I have stumbled upon this thread https://forum.opnsense.org/index.php?topic=19786.0 claiming its caused by IPv6 but that one is disabled in my config.

Is there any longterm solution for this? Like moving netflow data to an external database or something?

Netflow creates a protocol entry of every single connection. On a busy gateway what you observe is just expected. It's a heck of a lot of data, so there is no "solution".

You could set up an external network management system and netflow aggregator and send the data there instead of processing it locally. Most products are commercial, though. I am still investigating if there is any open source tool I can use.
Deciso DEC750
People who think they know everything are a great annoyance to those of us who do. (Isaac Asimov)

in that case it looks to me like unoptimized logic on OPNsense side. i think this could be solved by defining data retention periods, downsampling older data, etc. but unfortunately it doesn't look like netflow got any significant development during the past years

Netflow is standardized. It works exactly as designed and there is nothing to change because that would break interoperability. It was invented by Cisco and of course routers were expected to shovel the data off the chassis into some aggregator system with enough storage and processing power.

Possibly the aggregator and monitor built into OPNsense could be improved, agreed. But any serious high bandwidth scenario will need a dedicated machine and product for that, anyway.

There are better protocols today I guess. sFlow seems to be popular.
Deciso DEC750
People who think they know everything are a great annoyance to those of us who do. (Isaac Asimov)

Quote from: Patrick M. Hausen on December 29, 2024, 02:07:02 PMNetflow creates a protocol entry of every single connection. On a busy gateway what you observe is just expected. It's a heck of a lot of data, so there is no "solution".

You could set up an external network management system and netflow aggregator and send the data there instead of processing it locally. Most products are commercial, though. I am still investigating if there is any open source tool I can use.


I use Elastiflow (renamed to NetObserve). They have a free tier license which is good enough for homelab use.
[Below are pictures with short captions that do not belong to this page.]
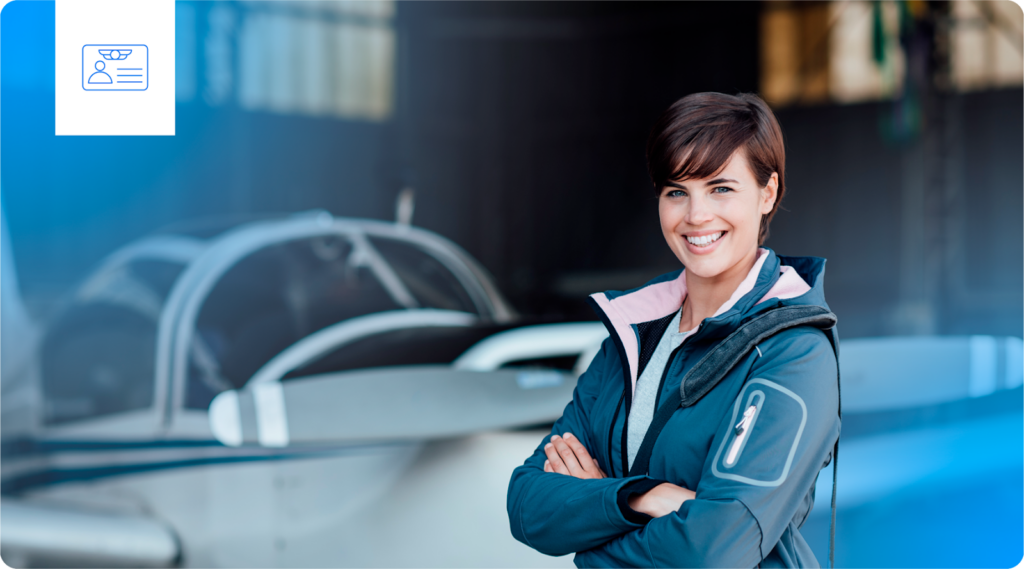 A woman stands in front of a training airplane.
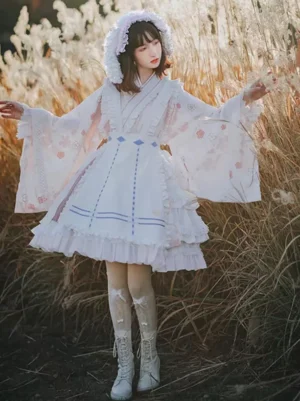 Sweet lolita kimono-style dress with cherry blossom pattern, blue decorative trim, wide bell sleeves, layered ruffled hem, fuzzy bonnet, white tall boots, outdoor reed field, full front view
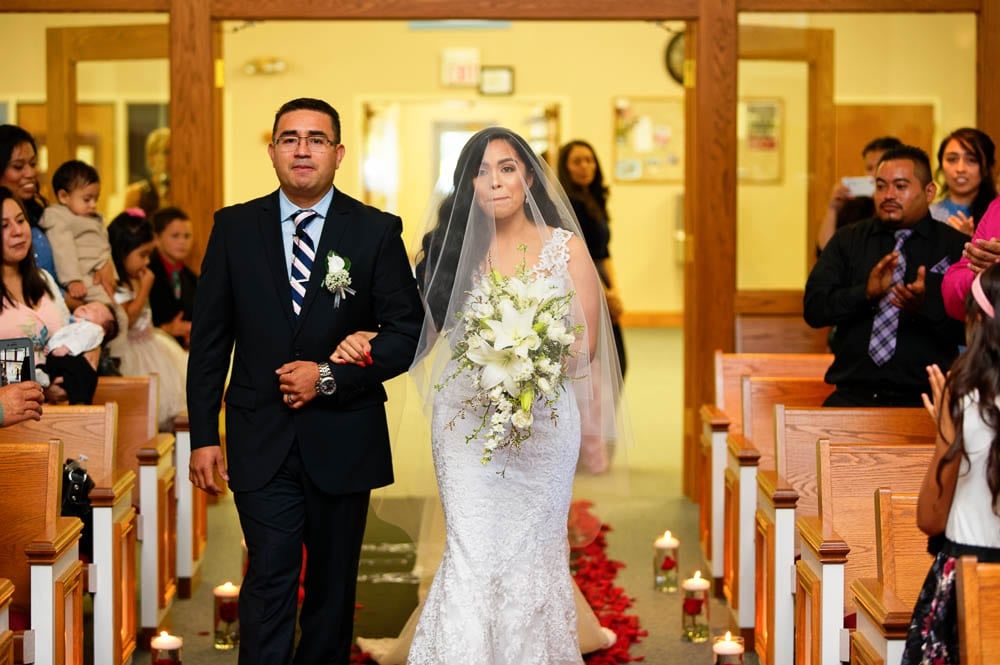 emotional bride walking down church aisle with her father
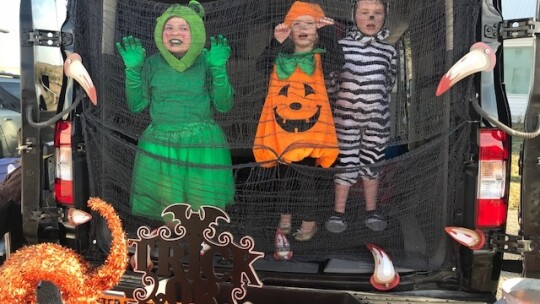 The Niepert girls in their decorated SUV. Pretty scary! Photo by Susan Garry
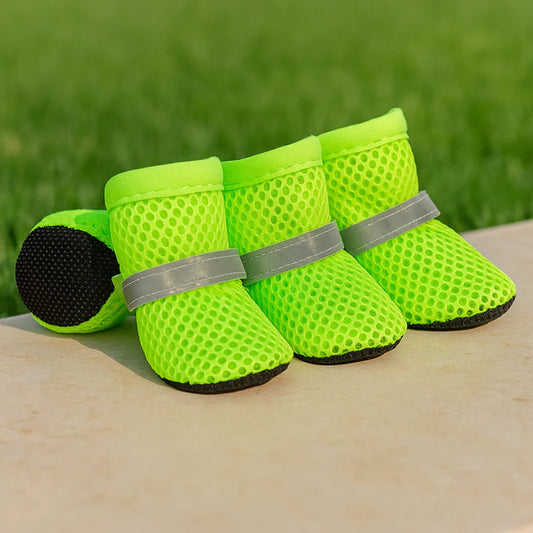 Four bright green dog boots with reflective straps on a wooden surface with grass in the background.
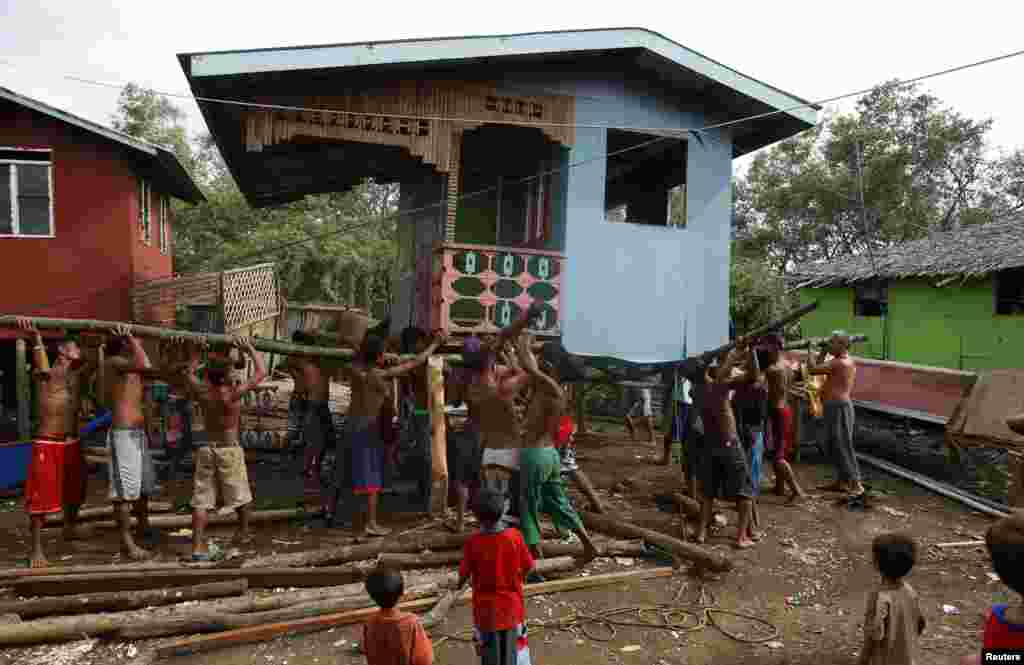 Residents lift a house damaged by Typhoon Rammasun in Batangas city, south of Manila, July 17, 2014.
https://www.elastiflow.com/basic-license
Hardware: Lenovo ThinkStation P330 Tiny (Intel Core i5-8500 @ 3.00GHz, 1xI219-LM, 4xI350)
BUFFERBLOAT GRADE A+

Quote from: jaykumar2005 on January 07, 2025, 02:32:25 PMI use Elastiflow (renamed to NetObserve). They have a free tier license which is good enough for homelab use.
Thanks! I'll give it a spin.
Deciso DEC750
People who think they know everything are a great annoyance to those of us who do. (Isaac Asimov)